Es común pensar que hacer turismo consiste en visitar lugares llamativos, bonitos o importantes; lugares interesantes por su por su arquitectura, por su belleza o por su interés cultural; lugares que merecen nuestra atención y nuestro viaje. Estando ante uno de estos lugares es cuando nos permitimos alzar la vista y observar lo que tenemos delante, como si el resto del mundo no fuera lo suficientemente bueno para reclamar nuestra atención. Cuando lo que nos rodea carece de ese marchamo –de lo turístico, de lo espectacular– asumimos que no hay nada que ver, y terminamos ignorándolo.

En un pasaje de la excelente novela Respiración Artificial, de Ricardo Piglia, el narrador dice: “mirar afuera, a distancia, en otro lugar y poder así ver la realidad más allá del velo de los hábitos, de las costumbres.

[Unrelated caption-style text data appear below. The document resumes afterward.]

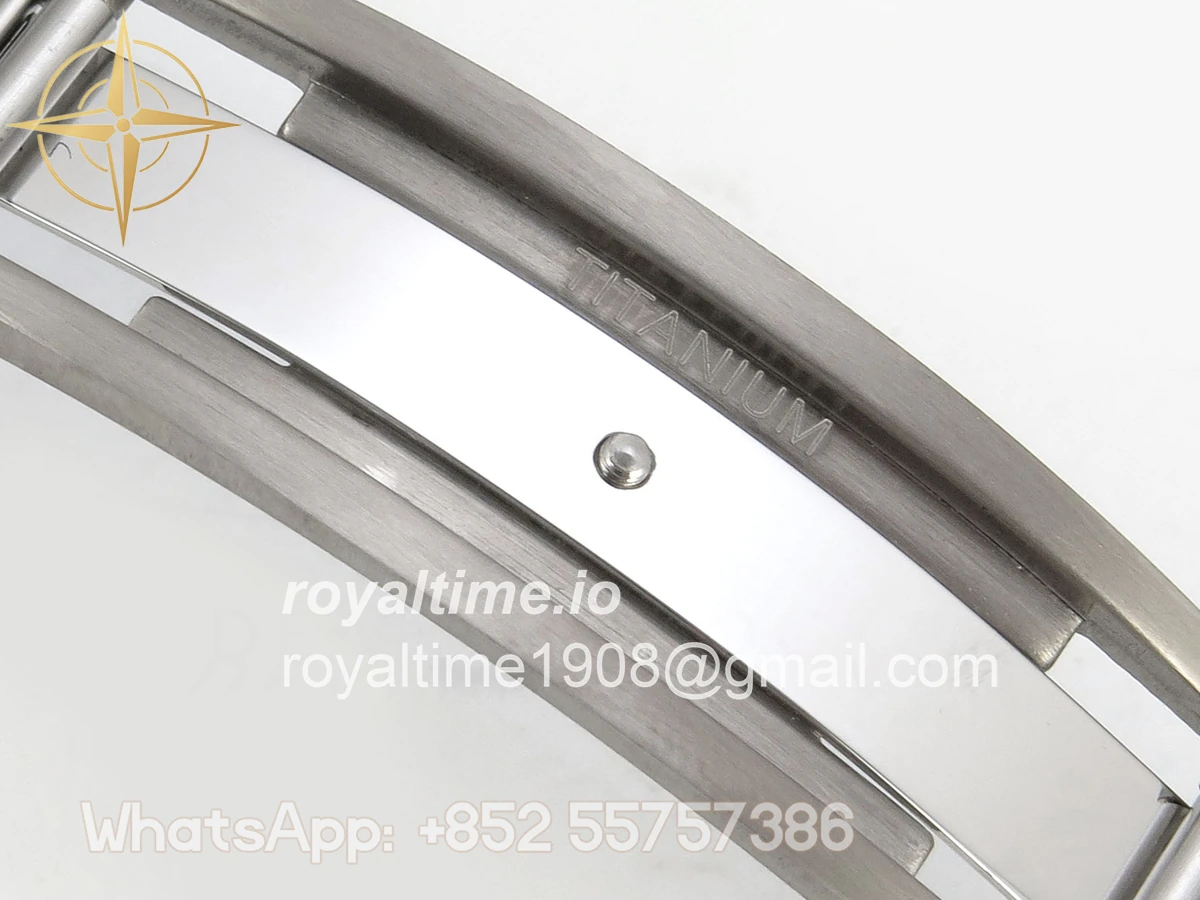 Richard Mille RM055 Gray Ceramic MLF on Gray Rubber Strap RMUL2 V2 (Brushed Ribs) - Image 22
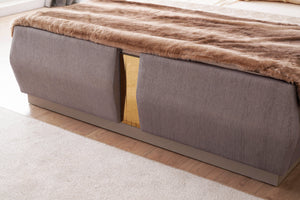 English Elm Lorenzo Queen 4 Pc Bedroom Set - Luxurious Modern Design With Upholstered Headboard & Storage Solutions B009S01890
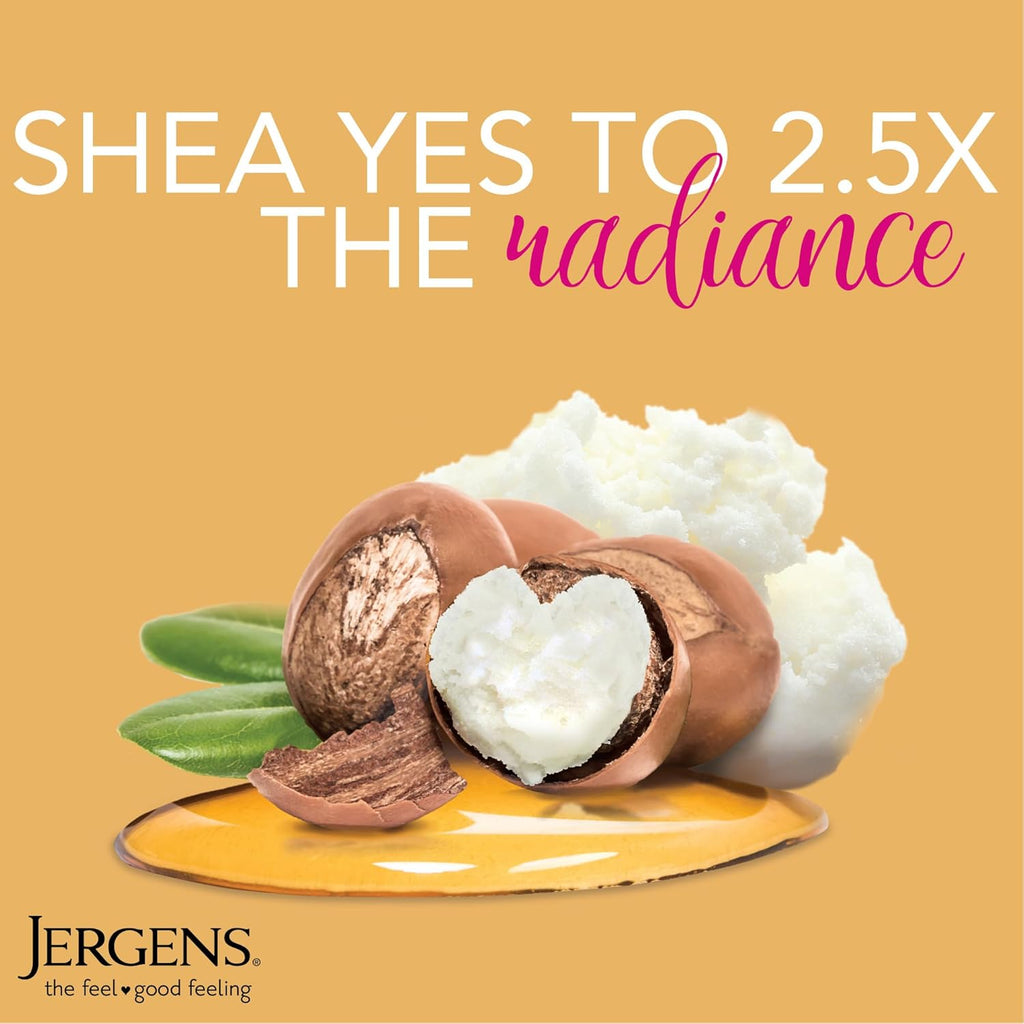 Jergens Shea Butter Hand and Body Lotion, Deep Conditioning Moisturizer, 3X More Radiant Skin, with Pure Shea Butter, Dermatologist Tested, 26.5 Oz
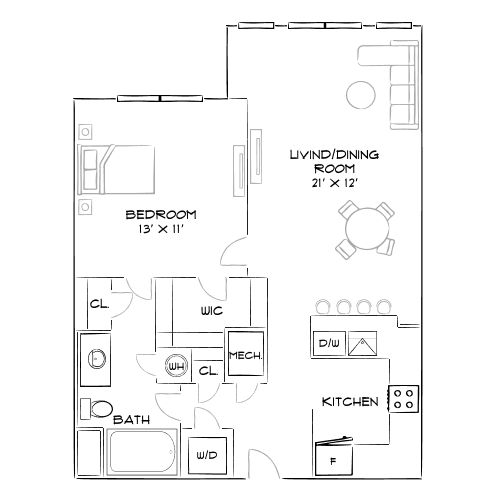2D Diagram Furnished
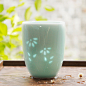创意陶瓷杯子 青瓷/花茶杯——http://humtaid.com/  汉度工业设计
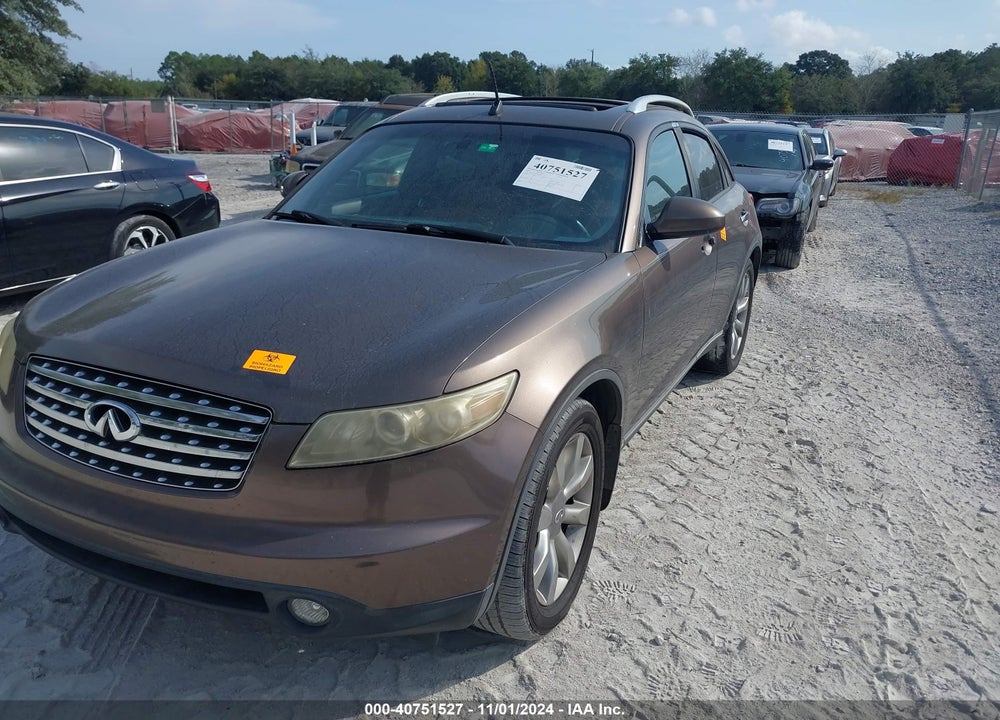 2004 INFINITI FX35 VIN: JNRAS08U74X106593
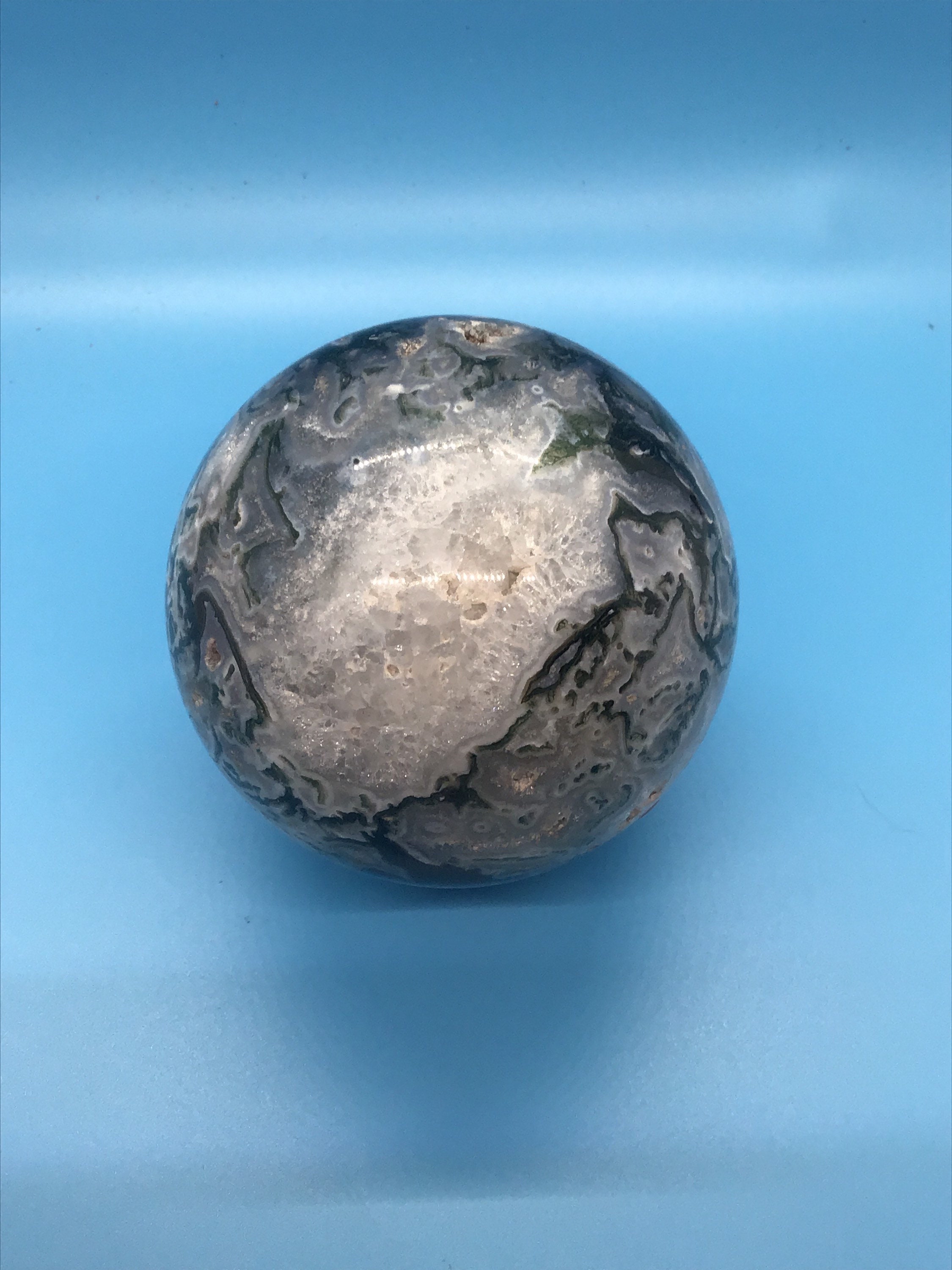 Moss agate Sphere | Etsy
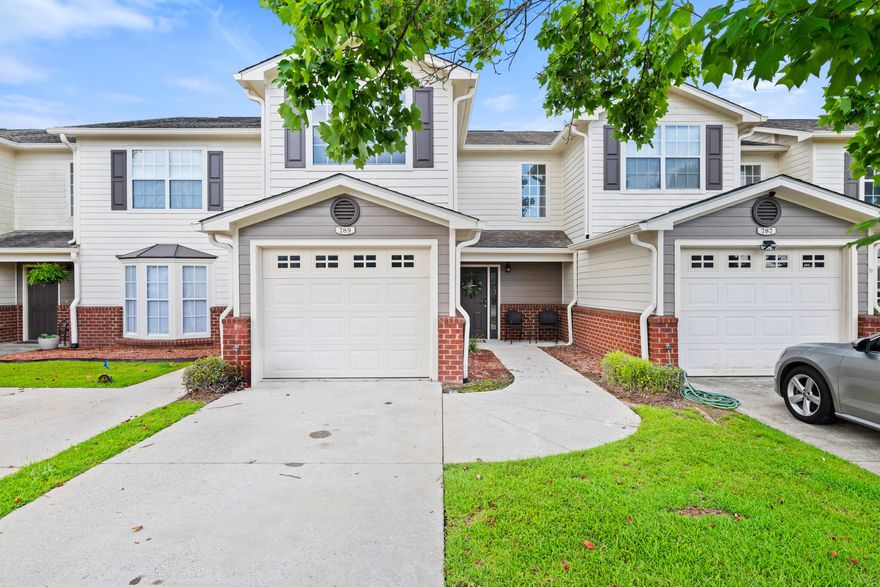 Fully Furnished & Priced to Move!This beautifully updated townhome in Eagle's Landing is a true turnkey opportunity. Offered fully furnished and boasting a brand-new price, this home is ready for immediate enjoyment--whether you're a first-time buyer, downsizer, or investor. Even better? The special assessment for a brand-new roof in 2025 has already been paid in full by the seller, offering peace of mind and added value.Step inside and enjoy 1,460 square feet of bright, well-maintained living space with three spacious bedrooms, 2.5 baths, a dedicated laundry room, and a one-car garage. The open-concept main floor is filled with natural light, perfect for hosting guests or winding down after a long day. Upstairs, the oversized primary suite offers a relaxing retreat, while two additional bedrooms provide plenty of flexibility for family, guests, or office space.

A brand-new HVAC system ensures year-round comfort and efficiency, so you can move in with zero hassle.

Located in the sought-after Eagle's Landing community, you'll also enjoy access to a neighborhood pool and playground, all maintained by the HOAideal for low-maintenance living with lifestyle perks.

This one checks all the boxes: fully furnished, updated, worry-free, and in a prime location. Schedule your private tour today and make Eagle's Landing your next home!
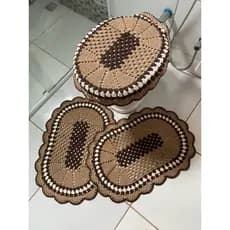 Conjunto de Banheiro de Crochê VARIAS CORES E MODELOS Jogo de Banheiro 2 ou 3 Peças, Kit Tapetinho de Crochê Lavabo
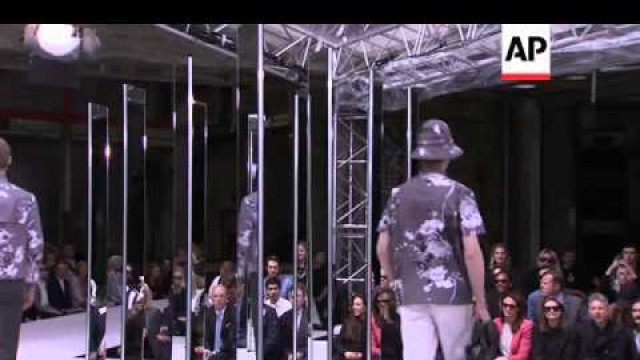 'British designers make London debut with Spring/Summer 2014 men\'s fashion show'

Paradójicamente es al mismo tiempo la mirada del turista, pero también, en última instancia, la mirada del filósofo”.

Es curioso que no la practiquemos, que esa mirada la reservemos únicamente para nuestros viajes. Buena parte de nuestro mundo, y especialmente el mundo de lo cotidiano, de lo habitual, pasa a ser invisible cuando le aplicamos esa taxonomía radical. Las ciudades pasan a estar divididas en zonas patrimoniales, agrupadas en un centro histórico deslumbrante e intocable, pero también inerte, y zonas funcionales, espacios de uso cotidiano que carecen de valor, de relato y de atractivo.

Aquí daba trabajo Al Capone.
Aquí daba trabajo Al Capone. Foto por remove

Ryan Griffis y Paul Durica, dos emprendedores de Chicago, llevan años revelándose contra esta falsa dicotomía. Diseñan visitas guiadas y teatralidades por zonas desconocidas y poco turísticas de su ciudad, zonas que incluyen parkings, cárceles, parques, lugares hoy vacíos, pero en otro tiempo importantes, calles sin nombre. Son imaginativos y se apartan de lo típico. Su especializad es la “historia oscura” de Chicago, la historia del crimen, del desempleo, de las redadas policiales, y esa historia la cuentan sobre los propios lugares donde ocurrió. Llaman la atención porque son capaces de poner los ojos del turismo en sitios nuevos, demostrando que, como la intuición nos dice, al rascar en la epidermis urbana las historias afloran, y que los lugares que no solemos ver tienen muchas historias que contarnos, si nos paramos a mirar, si adoptamos la actitud adecuada.

Mi esperanza es que aprendiendo sobre el pasado de los espacios que habitamos alcancemos un mayor sentido de conexión con ellos, que nos preocupemos más de ellos y de lo que les pasa en el presente y, quizá, de lo que les pase en el futuro

Paul Durica.

Griffis y Durica nos recuerdan que el turismo es más bien una actitud, y que el talante indagador y abierto del viajero se puede aplicar también a la vida diaria y a nuestra propia casa, con muchos resultados positivos.